Data excerpts:
++++++++++

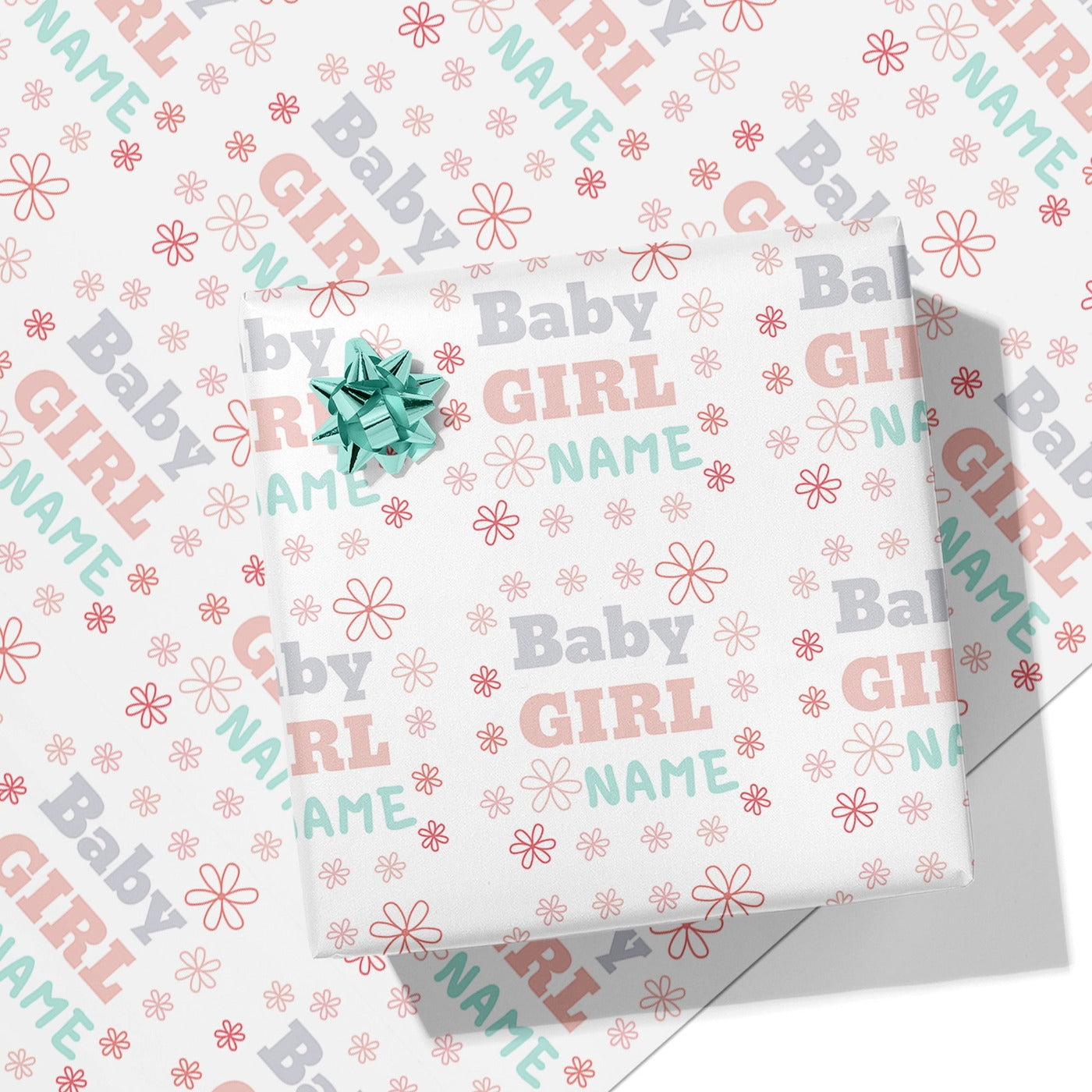 Flower Pattern Baby Girl Name Wrapping Paper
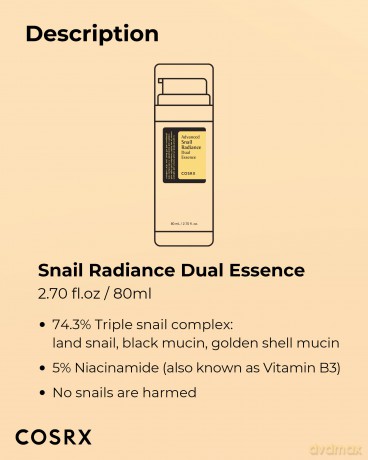 COSRX Skin emulsion with snail secretion (Advanced Snail Radiance Dual Essence) 80 ml dla kobiety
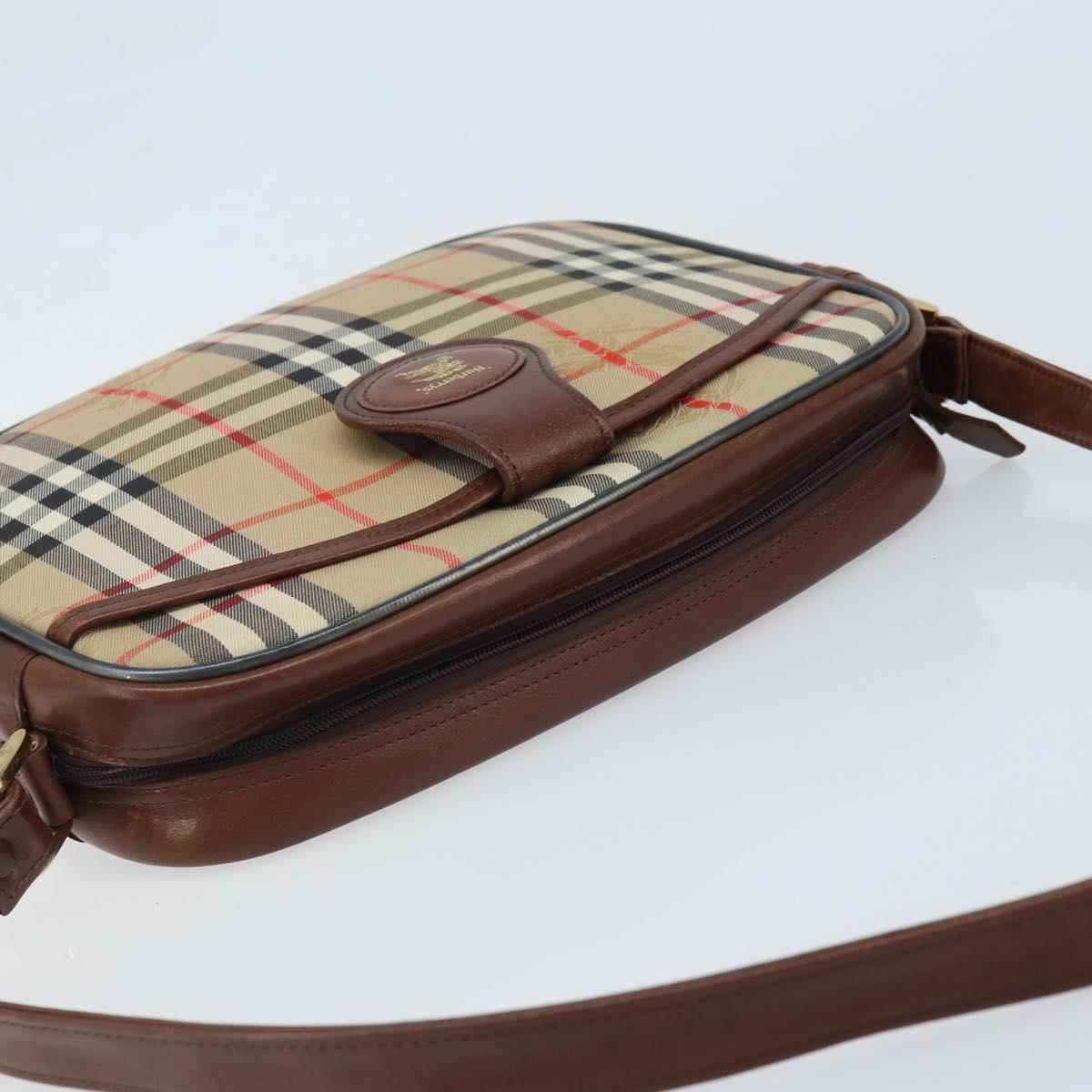 Burberrys Nova Check Shoulder Bag Canvas Beige Gold Auth ep13747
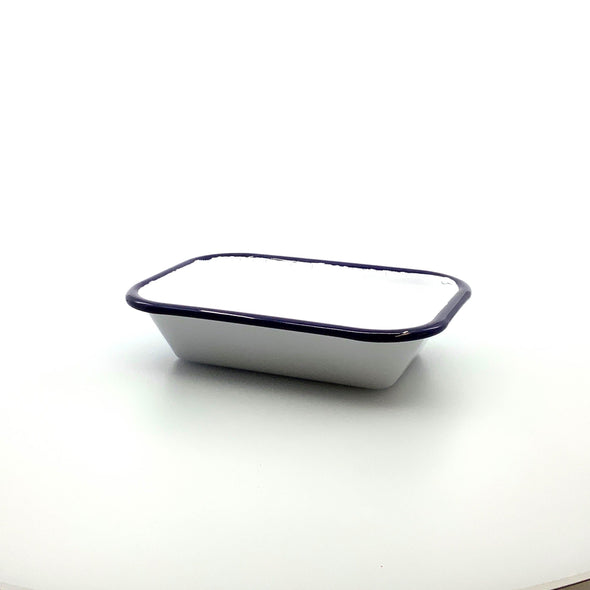Kitchen White and Blue Enameled Tray  - Small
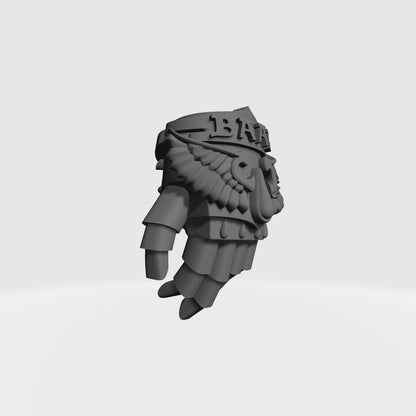 Sanguis Warrior Order Power Fist Left Hand resin upgrade for McFarlane Toys 7-inch armored action figures by Fantasy World Games.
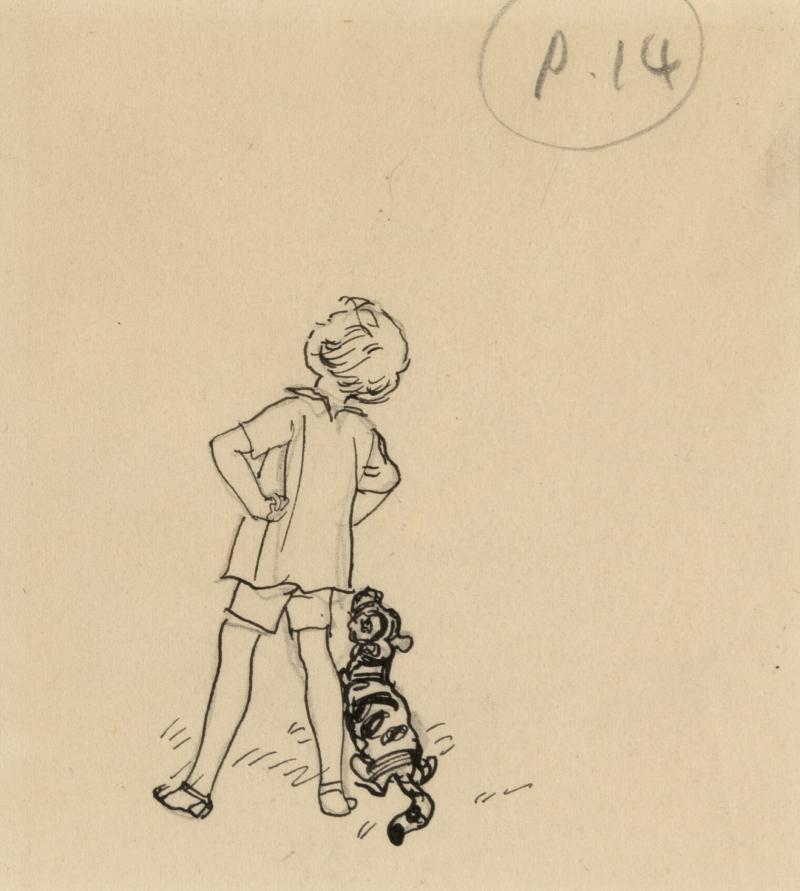 Illustration of Christopher Robin and Tigger.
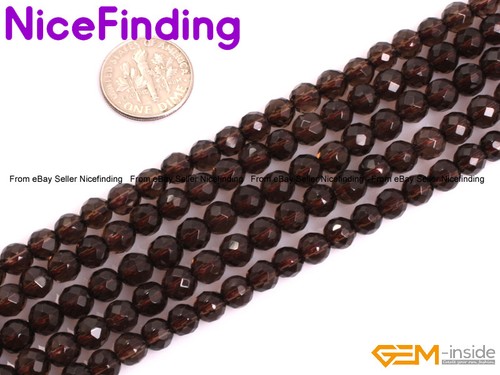 AAA Natural Faceted Brown Smoky Quartz Loose Stone Beads For Jewelry Making 15" - Picture 34 of 47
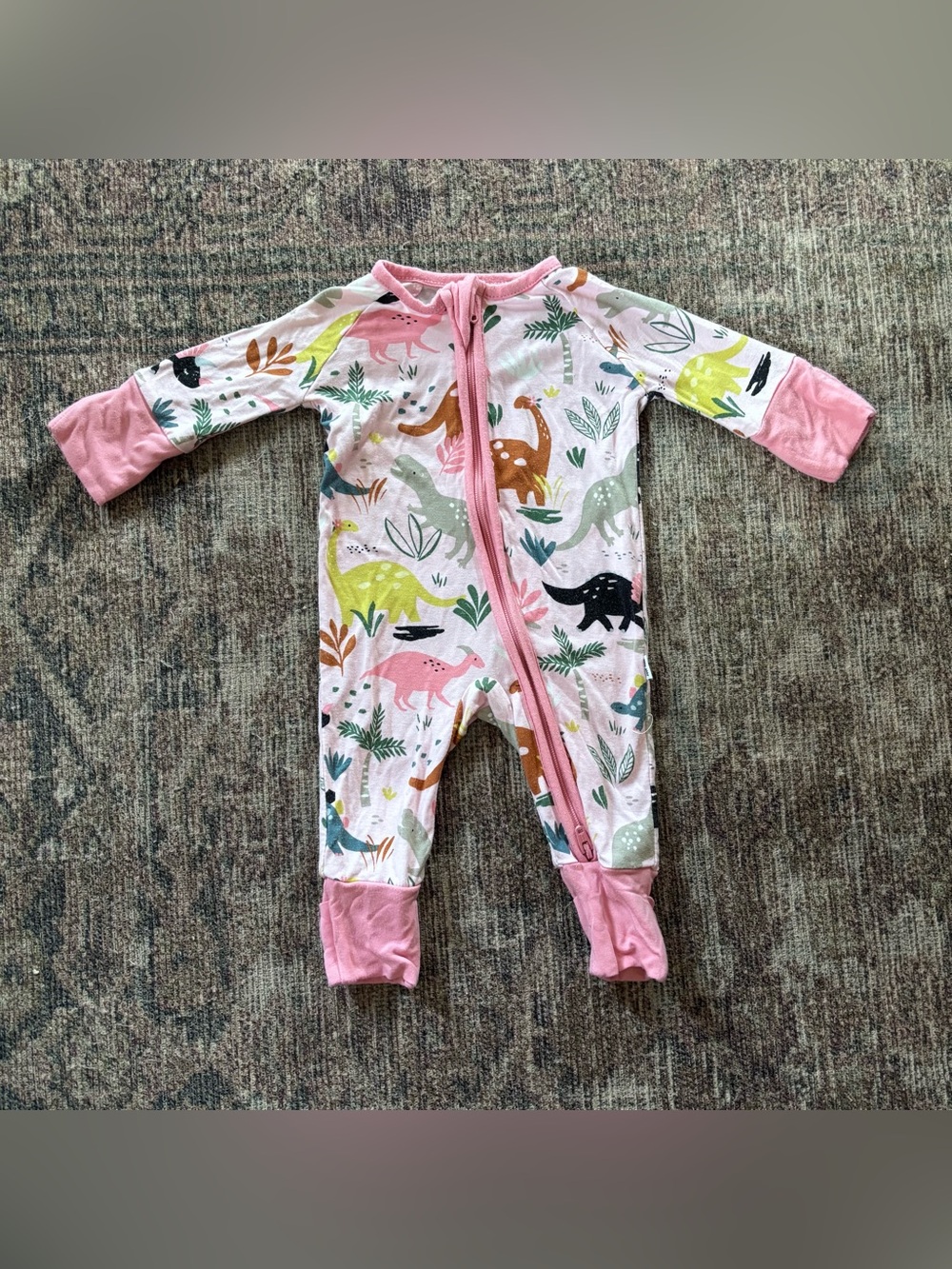 Little Sleepies pink Jurassic jungle PREEMIE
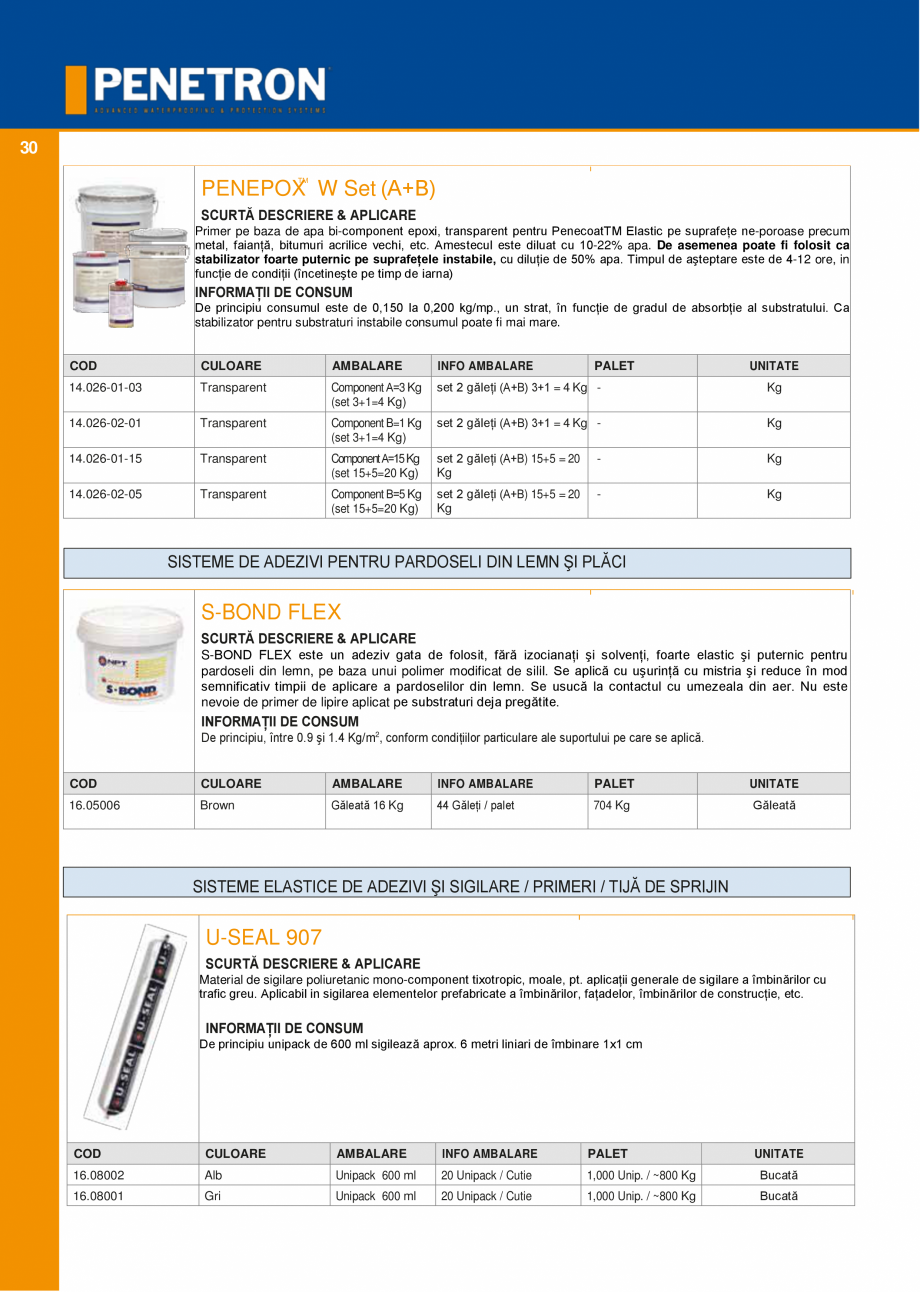Pagina 29-Sistemul PENETRON pentru impemeabilizarea betonului PENETRON PENETRON ADMIX, PENETRON, PENETRON...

++++++++++

Your answer should be an exact copy of the entries above, with no images included.

# Output of the task:
 Flower Pattern Baby Girl Name Wrapping Paper
 COSRX Skin emulsion with snail secretion (Advanced Snail Radiance Dual Essence) 80 ml dla kobiety
 Burberrys Nova Check Shoulder Bag Canvas Beige Gold Auth ep13747
Kitchen White and Blue Enameled Tray  - Small
 Sanguis Warrior Order Power Fist Left Hand resin upgrade for McFarlane Toys 7-inch armored action figures by Fantasy World Games.
 Illustration of Christopher Robin and Tigger.
 AAA Natural Faceted Brown Smoky Quartz Loose Stone Beads For Jewelry Making 15" - Picture 34 of 47
 Little Sleepies pink Jurassic jungle PREEMIE
Pagina 29-Sistemul PENETRON pentru impemeabilizarea betonului PENETRON PENETRON ADMIX, PENETRON, PENETRON...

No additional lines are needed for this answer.